# Fly Ball Results

Below is a table of calculations made using the Hit Modeler Interactive Simulator. You can use these results to check your version of the program.

Speed | Angle | Location | Temp | Pressure | Wind | Drag | Distance |
---|---|---|---|---|---|---|---|

100 | 45 | -- | -- | -- | -- | 0 | 669 |

100 | 45 | CLE | 60 | 29 | 0 | .3 | 378 |

100 | 45 | CLE | 90 | 29 | 0 | .3 | 387 |

100 | 45 | CLE | 35 | 29 | 0 | .3 | 370 |

100 | 45 | CLE | 60 | 28 | 0 | .3 | 384 |

100 | 45 | CLE | 60 | 29 | +5 | .3 | 417 |

100 | 45 | CLE | 60 | 29 | -5 | .3 | 338 |

100 | 45 | CLE | 60 | 24 | 0 | .3 | 405 |

### First Case

Each case uses a 100 mph hit angled at 45 degrees which is typical for a big league ball player. The first case was run by setting the drag coefficient to 0.0 to model a ballistic trajectory. Without any aerodynamic drag, the ball flies 669 feet. Obviously, aerodynamics must be very important because we don’t see any 670 foot home runs in the majors!

### Second Case

The second case is a reference case. We set the location to Cleveland on an Average Day; 60 degrees F, 29 inches of mercury pressure, no wind, and a drag coefficient of .3. For this set of conditions, the ball flies 378 feet. Much more realistic than the ballistic flight.

### Third Case

The third case looks at the effect of temperature. We set the atmospheric input to Hot Day. 90 degrees F. All other variables are the same as the reference. The ball now flies 387 feet. We gain 9 feet on the average day because with increased temperature, the density goes down and therefore the drag is reduced.

### Fourth Case

The fourth case also looks at temperature. We set the atmospheric input to Cold Day, 35 degrees F. All other variables are the same as the reference. The ball now flies only 370 feet. We loose 8 feet to the average day because with decreased temperature, the density goes up and therefore the drag increases.

### Fifth Case

The fifth case looks at the effect of pressure. We set the day to an average day, then select “Specify” and enter 28 inches of mercury in the pressure input. The ball flies 384 feet. We gain 6 feet on the reference conditions because with decreased pressure, the density is decreased and the drag is reduced.

### Sixth Case

The sixth case looks at the effect of wind velocity. We set the atmospheric conditions to Average Day and all other conditions the same as the reference.
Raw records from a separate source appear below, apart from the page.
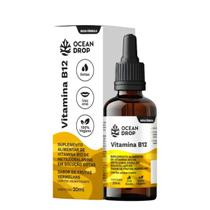 Vitamina B12 Gotas Metilcobalamina Sabor Frutas Vermelhas Ocean Drop 20ml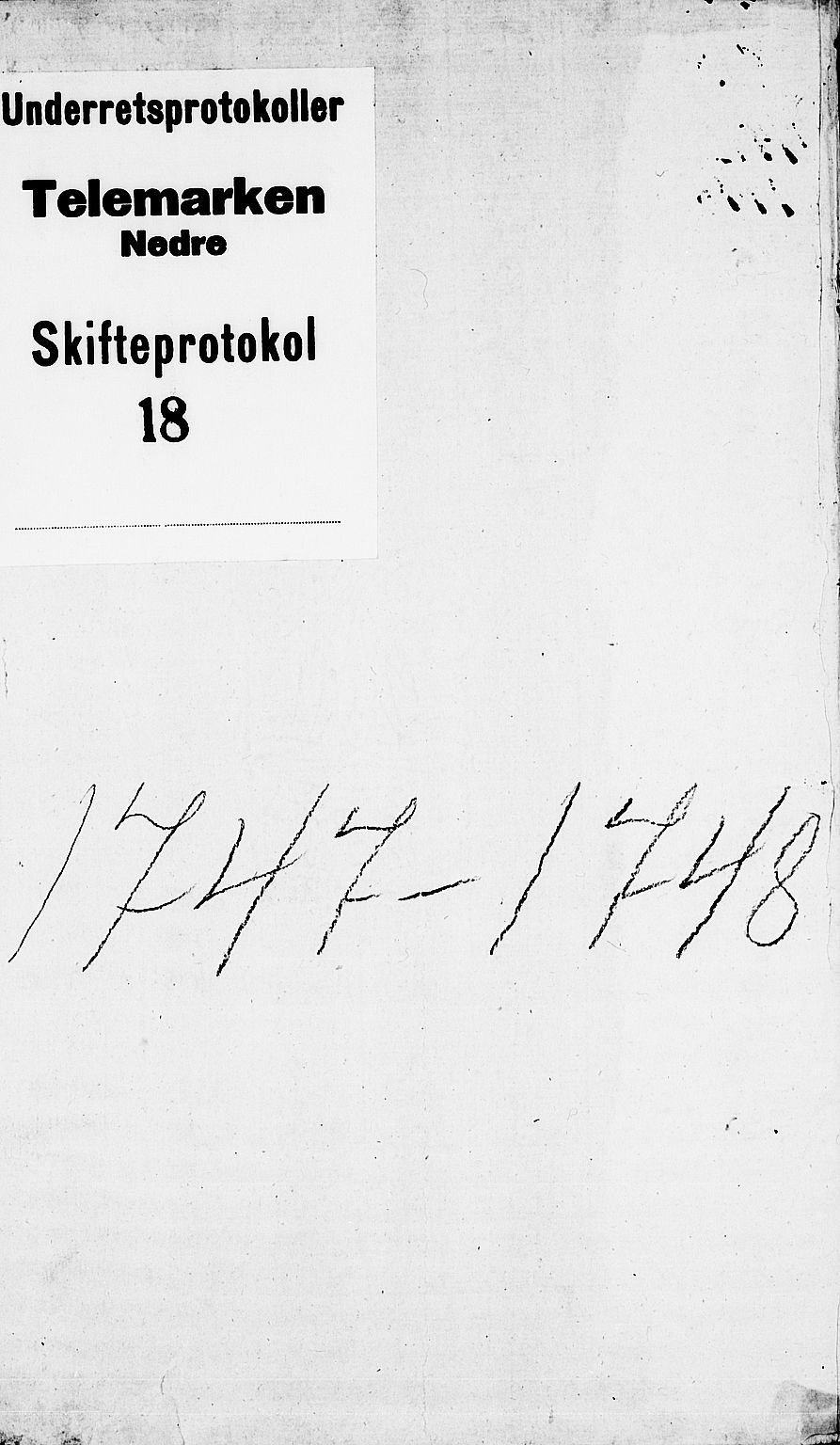 Nedre Telemark sorenskriveri, SAKO/A-135/H/Hb/Hbb/L0006: Skifteprotokoll kopi, 1747-1748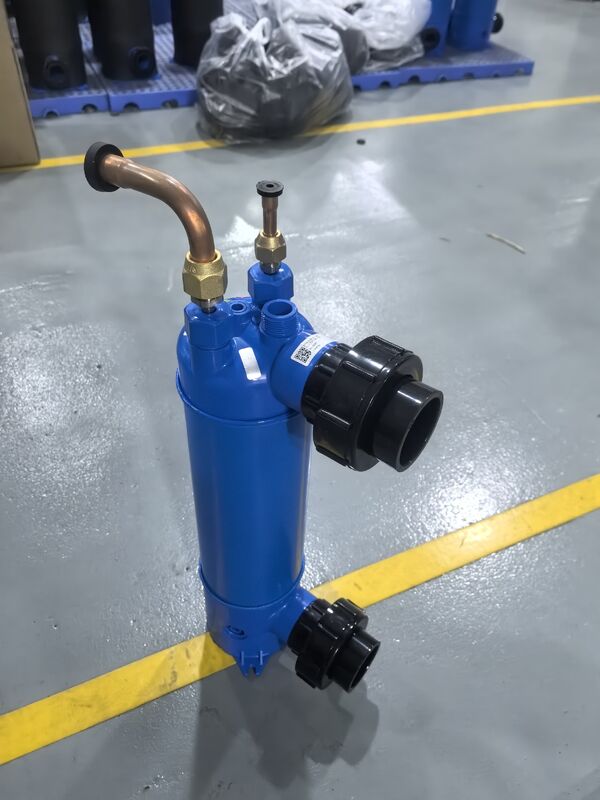 Πίεση κυκλώματος νερού έως και 5 μπαρ Ανταλλάκτης θερμότητας θαλάσσιου νερού MHTA-3 με κάθετη ή οριζόντια εγκατάσταση και εύρος θερμοκρασίας νερού 0 έως 45 βαθμούς Κελσίου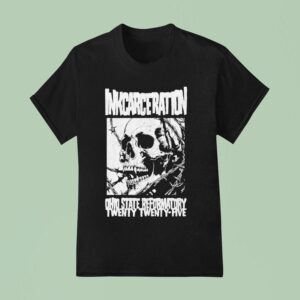 Inkcarceration Festival Barbed Skull Mineral For Mansfield Ohio On July Th Th Americas Rock And Metal Tattoo T Shirt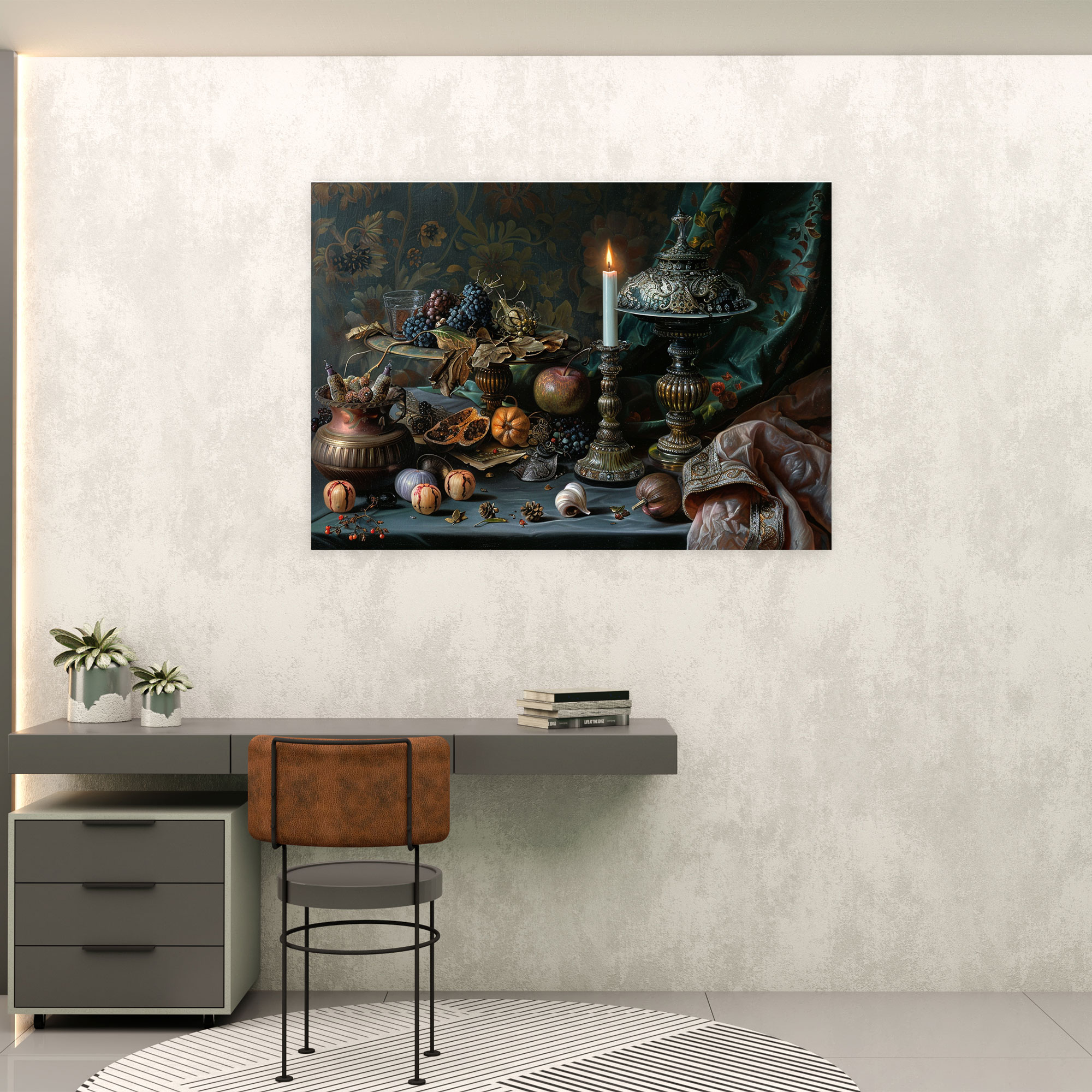 Rembrandt Still Life Wall Art - Rembrandt, Rembrandt, Canvas, Wall Decoration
We then change the wind velocity to 5 mph. The ball flies 417 feet with the wind at the back of the hitter. Wind is very important.

### Seventh Case

The seventh case looks at wind in the batters face. Conditions are set equal to the reference conditions and then the wind is set to -5 mph. The ball only flies 338 feet.

### Final Case

The eighth and final case looks at the special conditions that exist at Coors Field in Denver. We reset the wind to 0.0, pick an average day, and change the location to Denver. Denver is the “mile high city” with atmospheric pressure at only 24 inches of mercury. The ball flies 405 feet. The same hit in Cleveland only goes 378 feet. The reduced pressure and density in Denver has reduced the aerodynamic drag, so the ball flies much farther.